Myozyme (alglucosidase alfa) is a medication for a rare genetic disorder. It functions as an enzyme replacement therapy, providing a missing protein to the body. This therapy manages the underlying cause by supplementing the deficient enzyme. Myozyme represents a significant advancement in treating this condition.
Understanding Pompe Disease
Pompe disease is a rare, inherited neuromuscular disorder characterized by progressive muscle weakness. Also known as glycogen storage disease type II or acid maltase deficiency, the genetic cause is a mutation within the GAA gene, which produces the enzyme acid alpha-glucosidase (GAA).
A deficiency of the GAA enzyme prevents the breakdown of glycogen, a complex sugar, within cells. Glycogen then accumulates in lysosomes, cellular compartments responsible for waste breakdown. This buildup predominantly affects muscle cells, including those in the heart, diaphragm, and skeletal muscles, impairing their normal function.

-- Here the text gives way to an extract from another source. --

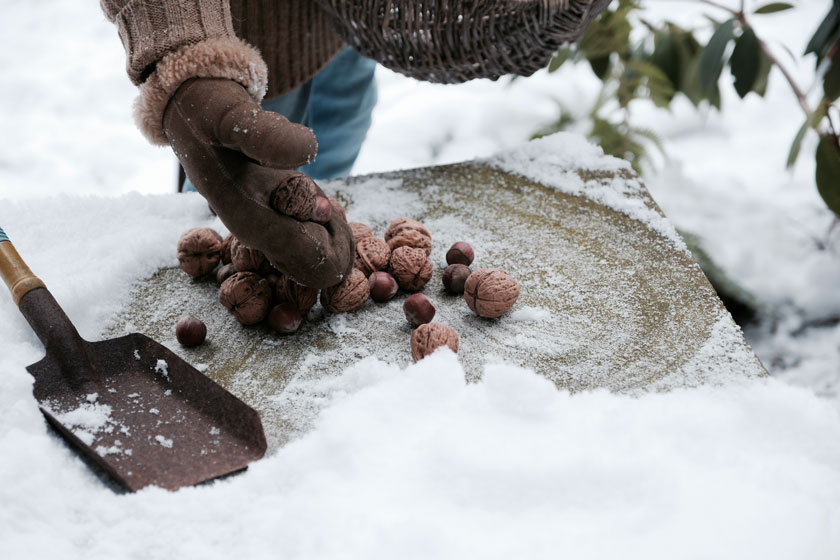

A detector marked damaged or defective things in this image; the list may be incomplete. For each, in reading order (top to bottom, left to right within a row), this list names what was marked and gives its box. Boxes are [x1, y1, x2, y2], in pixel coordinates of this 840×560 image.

rusty shovel [0, 226, 266, 490]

There are two primary forms of Pompe disease: infantile-onset and late-onset. Infantile-onset Pompe disease typically manifests within the first few months after birth, presenting with severe symptoms such as generalized muscle weakness, poor muscle tone, feeding difficulties, and an enlarged heart. Infants often experience respiratory distress and may fail to thrive.
The late-onset form can appear later in childhood, adolescence, or adulthood. Symptoms include progressive muscle weakness, particularly in the limbs and trunk, muscle cramping, and fatigue. Respiratory difficulties are common. While cardiac involvement is less frequent than in the infantile form, it can still occur.
Myozyme’s Mechanism of Action and Administration
Myozyme provides a functional acid alpha-glucosidase (GAA) enzyme. This medication is an enzyme replacement therapy (ERT), introducing an exogenous enzyme to compensate for the body’s deficiency. Alglucosidase alfa, the active substance in Myozyme, is a recombinant form of human GAA, produced using recombinant DNA technology.
Once administered, this replacement enzyme targets lysosomes within cells, where it helps to break down the accumulated glycogen. Myozyme prevents further harmful buildup and helps to reduce existing glycogen deposits. This action can stabilize or restore the function of affected cardiac, skeletal, and respiratory muscles.
Myozyme is administered via intravenous (IV) infusion. The medication comes as a powder that is reconstituted with sterile water and then diluted with a sodium chloride solution before infusion. A typical dosage is 20 mg per kilogram of body weight every two weeks.
The infusion process begins slowly at 1 mg/kg/hour, gradually increased by 2 mg/kg/hour every 30 minutes, provided there are no signs of adverse reactions, until a maximum rate of 7 mg/kg/hour is reached. This incremental approach allows for careful monitoring of patient tolerance. Myozyme infusions are typically performed in a hospital or specialized infusion center under the supervision of a physician.
Managing Treatment and Potential Reactions
Ongoing management of Myozyme treatment involves regular monitoring by healthcare professionals to assess its effectiveness and the patient’s response. This includes evaluating clinical manifestations of the disease and checking for IgG antibodies, especially within the first two years of treatment and then annually. High and sustained IgG antibody titers may reduce the effectiveness of the therapy.
Infusion-associated reactions (IARs) are common during Myozyme administration, with approximately 39% of patients experiencing them. Reactions can range from mild symptoms like flushing, rash, fever, and itching to more severe manifestations such as urticaria, tachycardia, decreased oxygen saturation, and bronchospasm. Severe reactions, including anaphylaxis, can occur during or up to three hours after the infusion, and some have been life-threatening.
Management of IARs involves slowing the infusion rate, temporarily stopping the infusion, and administering pre-medications such as antihistamines, antipyretics, or corticosteroids. For severe allergic reactions, immediate discontinuation of the infusion and emergency medical interventions, including epinephrine, may be necessary. Patients with advanced Pompe disease or compromised cardiac and respiratory function may face an increased risk of severe complications from IARs, necessitating close monitoring during infusions.